- [WHAT YOU NEED TO DO]
Up to and including the line that contains "Fotografie Atelier Wacker, Würzburg, Bayerischer", repeat each line of the data exactly, starting from the first.
** MATERIAL FOR THIS TASK follows **
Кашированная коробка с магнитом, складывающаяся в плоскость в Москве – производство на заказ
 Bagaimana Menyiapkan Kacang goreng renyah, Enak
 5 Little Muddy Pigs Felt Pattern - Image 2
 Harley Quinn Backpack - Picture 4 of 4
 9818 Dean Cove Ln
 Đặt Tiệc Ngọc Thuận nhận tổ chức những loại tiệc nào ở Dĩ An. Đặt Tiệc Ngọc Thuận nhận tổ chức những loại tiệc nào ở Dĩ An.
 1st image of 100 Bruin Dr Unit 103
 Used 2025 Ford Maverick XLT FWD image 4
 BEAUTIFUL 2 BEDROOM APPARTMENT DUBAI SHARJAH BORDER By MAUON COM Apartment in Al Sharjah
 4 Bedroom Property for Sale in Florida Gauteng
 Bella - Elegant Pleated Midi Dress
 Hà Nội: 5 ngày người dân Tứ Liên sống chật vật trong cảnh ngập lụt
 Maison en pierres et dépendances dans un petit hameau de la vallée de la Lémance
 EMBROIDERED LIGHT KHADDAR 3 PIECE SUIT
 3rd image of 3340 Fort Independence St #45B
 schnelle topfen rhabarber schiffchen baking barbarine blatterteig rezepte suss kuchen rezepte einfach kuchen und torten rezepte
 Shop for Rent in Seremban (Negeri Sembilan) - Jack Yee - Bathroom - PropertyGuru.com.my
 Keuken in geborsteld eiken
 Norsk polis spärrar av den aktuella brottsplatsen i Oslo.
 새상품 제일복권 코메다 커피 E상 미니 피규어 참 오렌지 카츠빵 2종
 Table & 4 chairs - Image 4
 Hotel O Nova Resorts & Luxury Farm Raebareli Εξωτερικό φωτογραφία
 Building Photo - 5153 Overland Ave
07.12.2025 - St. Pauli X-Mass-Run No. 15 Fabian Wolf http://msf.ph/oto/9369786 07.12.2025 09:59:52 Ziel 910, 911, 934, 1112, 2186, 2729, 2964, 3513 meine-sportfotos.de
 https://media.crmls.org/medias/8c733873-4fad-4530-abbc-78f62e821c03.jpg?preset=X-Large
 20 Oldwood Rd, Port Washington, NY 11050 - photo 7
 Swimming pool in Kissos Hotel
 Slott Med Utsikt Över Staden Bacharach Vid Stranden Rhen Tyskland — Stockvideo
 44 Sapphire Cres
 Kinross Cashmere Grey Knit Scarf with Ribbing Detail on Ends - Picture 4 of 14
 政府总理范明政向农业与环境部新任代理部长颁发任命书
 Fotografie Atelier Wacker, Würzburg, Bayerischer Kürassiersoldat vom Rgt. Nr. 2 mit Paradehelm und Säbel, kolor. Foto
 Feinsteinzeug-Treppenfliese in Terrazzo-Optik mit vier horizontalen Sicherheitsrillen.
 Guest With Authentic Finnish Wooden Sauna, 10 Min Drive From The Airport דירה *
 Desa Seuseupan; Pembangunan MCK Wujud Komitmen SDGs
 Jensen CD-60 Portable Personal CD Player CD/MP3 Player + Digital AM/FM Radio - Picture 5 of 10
** End of MATERIAL FOR THIS TASK **
- [ANSWER SPACE]
Кашированная коробка с магнитом, складывающаяся в плоскость в Москве – производство на заказ
 Bagaimana Menyiapkan Kacang goreng renyah, Enak
 5 Little Muddy Pigs Felt Pattern - Image 2
 Harley Quinn Backpack - Picture 4 of 4
 9818 Dean Cove Ln
 Đặt Tiệc Ngọc Thuận nhận tổ chức những loại tiệc nào ở Dĩ An. Đặt Tiệc Ngọc Thuận nhận tổ chức những loại tiệc nào ở Dĩ An.
 1st image of 100 Bruin Dr Unit 103
 Used 2025 Ford Maverick XLT FWD image 4
 BEAUTIFUL 2 BEDROOM APPARTMENT DUBAI SHARJAH BORDER By MAUON COM Apartment in Al Sharjah
 4 Bedroom Property for Sale in Florida Gauteng
 Bella - Elegant Pleated Midi Dress
 Hà Nội: 5 ngày người dân Tứ Liên sống chật vật trong cảnh ngập lụt
 Maison en pierres et dépendances dans un petit hameau de la vallée de la Lémance
 EMBROIDERED LIGHT KHADDAR 3 PIECE SUIT
 3rd image of 3340 Fort Independence St #45B
 schnelle topfen rhabarber schiffchen baking barbarine blatterteig rezepte suss kuchen rezepte einfach kuchen und torten rezepte
 Shop for Rent in Seremban (Negeri Sembilan) - Jack Yee - Bathroom - PropertyGuru.com.my
 Keuken in geborsteld eiken
 Norsk polis spärrar av den aktuella brottsplatsen i Oslo.
 새상품 제일복권 코메다 커피 E상 미니 피규어 참 오렌지 카츠빵 2종
 Table & 4 chairs - Image 4
 Hotel O Nova Resorts & Luxury Farm Raebareli Εξωτερικό φωτογραφία
 Building Photo - 5153 Overland Ave
07.12.2025 - St. Pauli X-Mass-Run No. 15 Fabian Wolf http://msf.ph/oto/9369786 07.12.2025 09:59:52 Ziel 910, 911, 934, 1112, 2186, 2729, 2964, 3513 meine-sportfotos.de
 https://media.crmls.org/medias/8c733873-4fad-4530-abbc-78f62e821c03.jpg?preset=X-Large
 20 Oldwood Rd, Port Washington, NY 11050 - photo 7
 Swimming pool in Kissos Hotel
 Slott Med Utsikt Över Staden Bacharach Vid Stranden Rhen Tyskland — Stockvideo
 44 Sapphire Cres
 Kinross Cashmere Grey Knit Scarf with Ribbing Detail on Ends - Picture 4 of 14
 政府总理范明政向农业与环境部新任代理部长颁发任命书
 Fotografie Atelier Wacker, Würzburg, Bayerischer Kürassiersoldat vom Rgt. Nr. 2 mit Paradehelm und Säbel, kolor. Foto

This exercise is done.